Dueling Needs to Make a Comeback: The American tiger in a cage being poked by “social justice warriors”

Anyone can see what the root cause of the problem witnessed in the following Alex Jones video was.  In it there was a group of people that we might call, “social justice warriors” who have grown up in a society deliberately softened to allow for their rise by a political class hell-bent on staying in power—no matter what.  These kids, and the adults that they will grow into, have been empowered by essentially removing the ramifications of their lunacy—the consequences of their personal assault against individual liberty.  The blame clearly falls on our global education system and the forces which gathered to perpetuate their stated curriculum. It has made me realize that a practice long forgotten for its perceived barbarity needs to be dusted off and inserted back into our American culture—the gentlemanly practice of dueling.  As radical as that may sound, we must find some version of it to emerge in this modern century otherwise we won’t make it into more advanced stages.
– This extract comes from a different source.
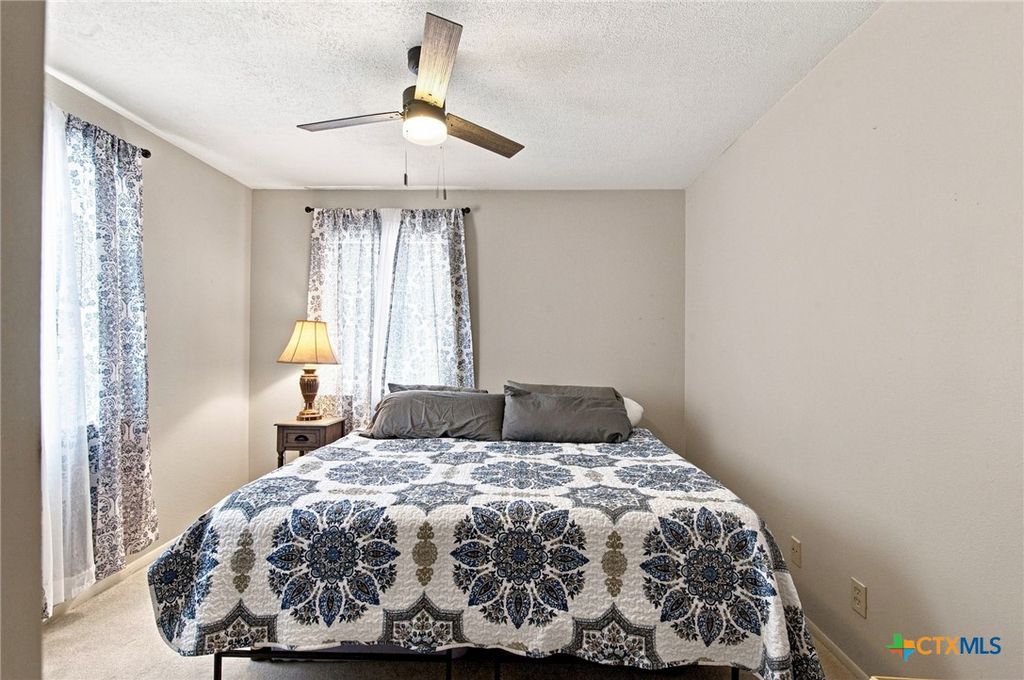 Image 27 of property listing at 104 Santa Fe, Victoria, TX 77904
To see why, watch this video then all of the following for substantiation.

A version of dueling still existed in the Old West as towns erupted across the vast frontier of North America guided by flimsy laws enforced by even flimsier sheriffs.  I practice that type of dueling nearly every day with a group I’m involved in called the Cowboy Fast Draw Association.  A friend of mine made a comment that I was thinking of while shooting that day and it was, “if dueling made a comeback, people these days would be a whole lot less offended.”  That’s when I thought of those snot-nosed, liberalized socialist losers in that Alex Jones video.  What was missing from their lives was the respect that comes from asserting an insult at individual integrity.  What those kids have been taught in that video—and anywhere these days that “socialist justice warriors” gather under storm clouds of collective effort—is ramifications for their individual mistakes.

The duel as it was inherited from Europe was widely practiced within the United States for quite a number of years by our early presidents and was a declaration of individual honor.  In that society from which our Constitution was written, an individual’s honor was required to have a civil society.  If some rogue threatened that sanctity then ramifications just outside the grip of the law were required to keep the peace and maintain an orderly society.  We all know about the famous Alexander Hamilton duel with Aaron Burr—which I think about quite a lot.  I was born in the Ohio city directly named after Hamilton who lost his duel with Burr and died.  I also think of President Jackson a lot when I think about duels and the kind of attitude which formed the country of America.  Dueling and honor went hand-in-hand which provided a foundation for our laws.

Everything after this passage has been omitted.